I have completed a) for question d)
I have attempted the following questions c and d and I am wondering what are the correct solutions and answers?
c) Is it reasonable to use Poisson model for this problem? Give the reasons.
d) Using Poisson model find the probability that more than two of the male births have Klinefelter syndrome (up to four decimal places) and taking binomial probability in (a) as the base (that is, 100%), by what percentage does the Poisson approximation differ from the binomial probability?
The Poisson approximation to the binomial is valid when $n$ is large and $p$ is small. In this case, $p = 0.0011$ and $n = 1000$, hence the approximation should be reasonable. Note that the Poisson approximation need not require $\lambda = np$ to be small.

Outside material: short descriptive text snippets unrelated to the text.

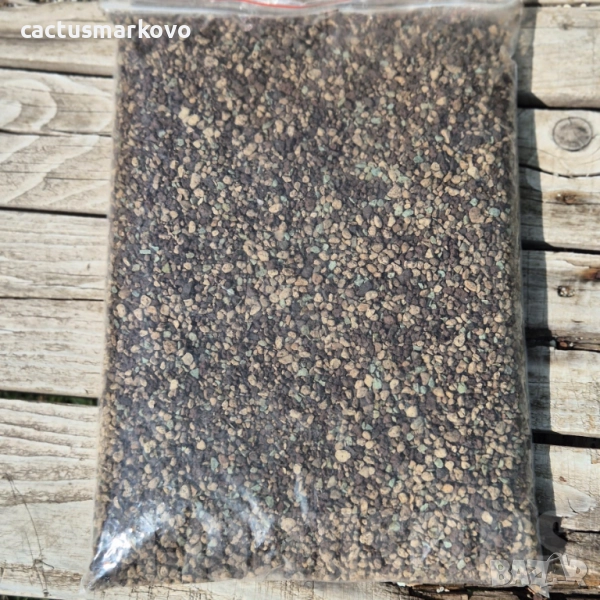 Едър Субстрат 33% пемза, 33% лава,33% зеолит 2 – 5 мм, снимка 1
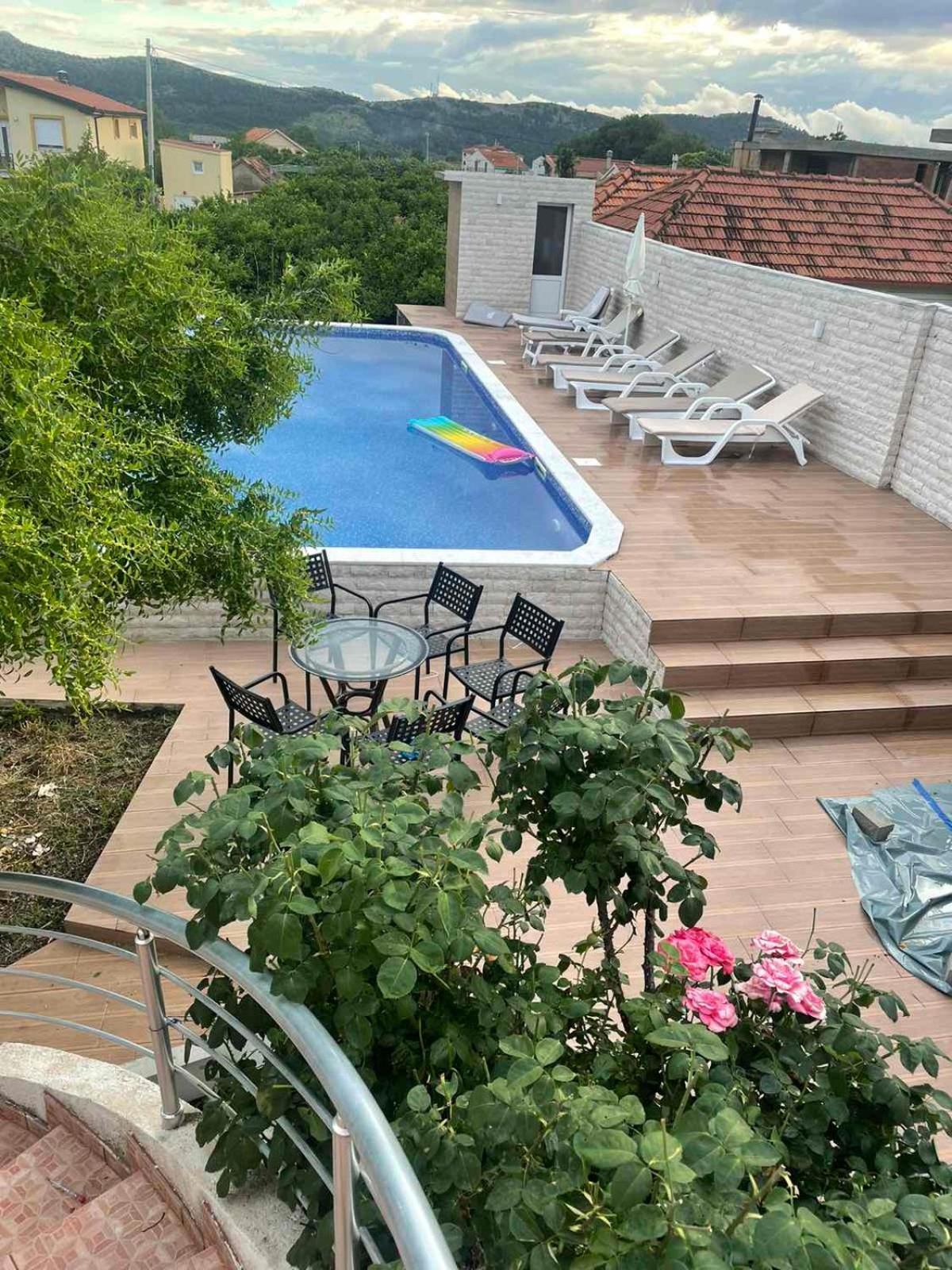 Villa Nilic Bar Buitenkant foto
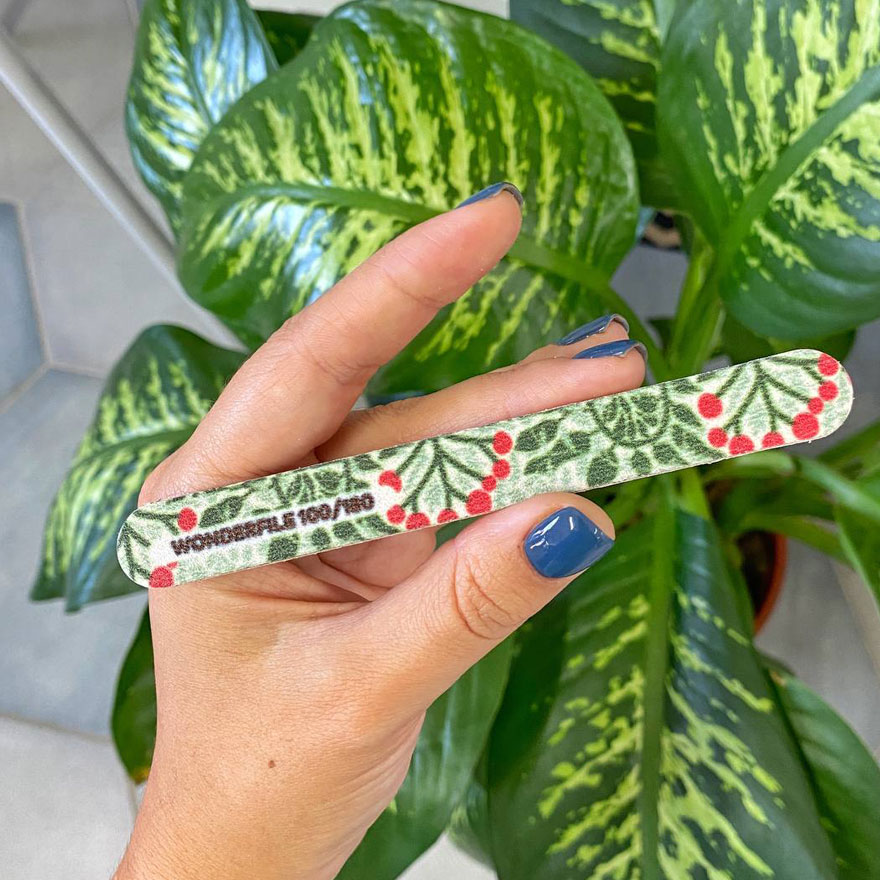 Wonderfile disposable manicure set (nail file with print 100/180, buff 180/240, orange stick) Wonderfile disposable manicure set (nail file with print 100/180, buff 180/240, orange stick)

Because you used the Poisson approximation to compute your answer to parts (a) and (b), rather than using the binomial distribution to compute the exact probability for those parts, the only way to answer part (d) now is to compute the exact probability and compare that to the value you got in (a). You want $$\Pr[X > 2] = 1 - \Pr[X \le 2] = 1 - \Pr[X = 0] - \Pr[X = 1].$$ You seem to have trouble interpreting which values of the random variable to select for the corresponding event; this was the same difficulty you had in computing (b) earlier.
Proceeding, we have the exact probability using the binomial distribution $$\Pr[X > 2] = 1 - \binom{n}{0} p^0 (1-p)^n - \binom{n}{1} p^1 (1-p)^{n-1},$$ and with $n = 1000$ and $p = 0.0011$, we get $$\begin{align*} \Pr[X > 2] &= 1 - (0.9989)^{1000} - 1000 (0.0011)(0.9989)^{999} \\ &= 1 - (0.9989)^{999} (0.9989 + 1.1) \\ &= 1 - (2.0989)(0.9989)^{999} \\ &\approx 0.300991. \end{align*}$$ The Poisson approximation gave you about $0.300971$, for a difference on the order of $0.00002$. Using the binomial probability as the base, the error of $0.00002$ is approximately $$\frac{0.00002}{0.300991} \times 100\% \approx 0.0067\%$$ of the true probability.